Homology is a top level plop command used to build homology models.

Specifically, this section deals with constructing a homology model from a sequence alignment. It is possible to do some rather sophisticated things with PLOP, including composite alignments (using multiple templates/alignments), incorporation of HET groups into the initial model, and creation of homodimeric (or other oligomeric) initial models. But first, the basics.


 homo[log] single alignment_file pdb_file &
   chain character &
   model integer &
   ofac real &
   conserve yes/no &
   x2p yes/no &
   g2x yes/no &
   sym bio/xtal/none &
   initfile file &
   gapfile file &
   insertfile file &
   x2pfile file &
   g2xfile file &
   sidefile file &
   finalfile file

The 2 mandatory arguments are the locations of the files containing the alignment and the template PDB file.

[edit] Template and Alignment

There are a huge number of alignment file formats, and I've just tried to make sure a few key ones are supported, esp.
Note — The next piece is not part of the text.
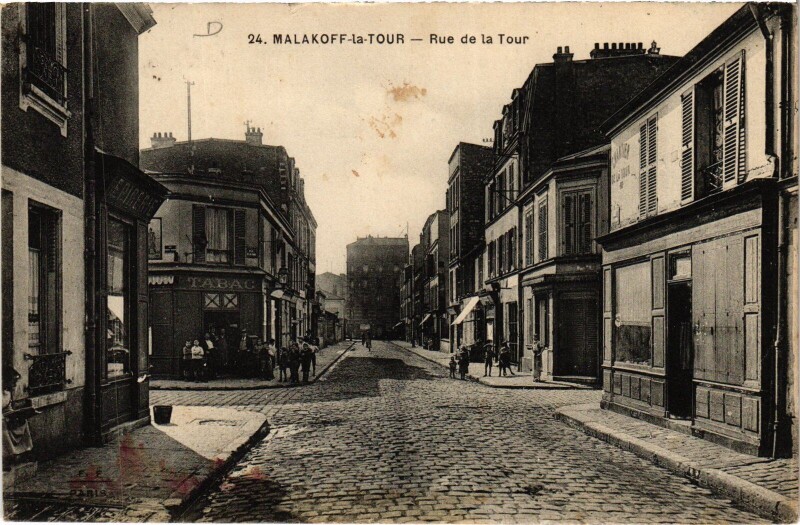 Carte postale ancienne Malakoff Rue de la Tour France à Malakoff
Blast/Psi-Blast. Gaps in the alignment can be represented by either dots "." or dashes "-". If your alignment is not working, then try removing as much extraneous junk as possible. A very simple default format is to simply start each line containing the target sequence with the word "Targ[et:]" and the template sequence with the word "Temp[late:]", following by any amount of whitespace, and then the sequence. Other lines in the alignment file will just be ignored. As an example,

 Targ:  VLITGLRTRAVNVPLAYPVHTAVGTVG-TAPLVLIDLATSAGVVGHSYLFAYTPVALKSL
 Temp:  PVVTEMQVIPVAGHD-SMLMNLSGAHAPFFTRNIVIIKDNSGHTGVGEIPG-----GEKI
 Targ:  KQLLDDMAAMIVNEPL.APVSLEAMLAKRFCLAGYT...........GLIRMAAAGIDMA
 Temp:  RKTLEDAIPLVVGKTLGEYKNVLTLVRNTF..ADRDAGGRGLQTFDLRTTIHVVTGIEAA

The complete target sequence (or at least as much of it as you wish to model) should be represented in the alignment file. This is the only information the program has about the sequence of the target. The program gets the template sequence from the template PDB file (as well as from the alignment file). The SEQRES records are used to define the template sequence, thus the template PDB file must contain the SEQRES records (real PDB files always have this, as do files generated by PLOP; files generated by other programs do not always contain these portions). The reason that PLOP uses the SEQRES records is that the ATOM lines may not contain every residue, which can create confusion. PLOP tries to be reasonably tolerant of mis-matches between the sequence as found in the alignment file and the sequence from the PDB file (especially missing "tail" residues), but there are limits.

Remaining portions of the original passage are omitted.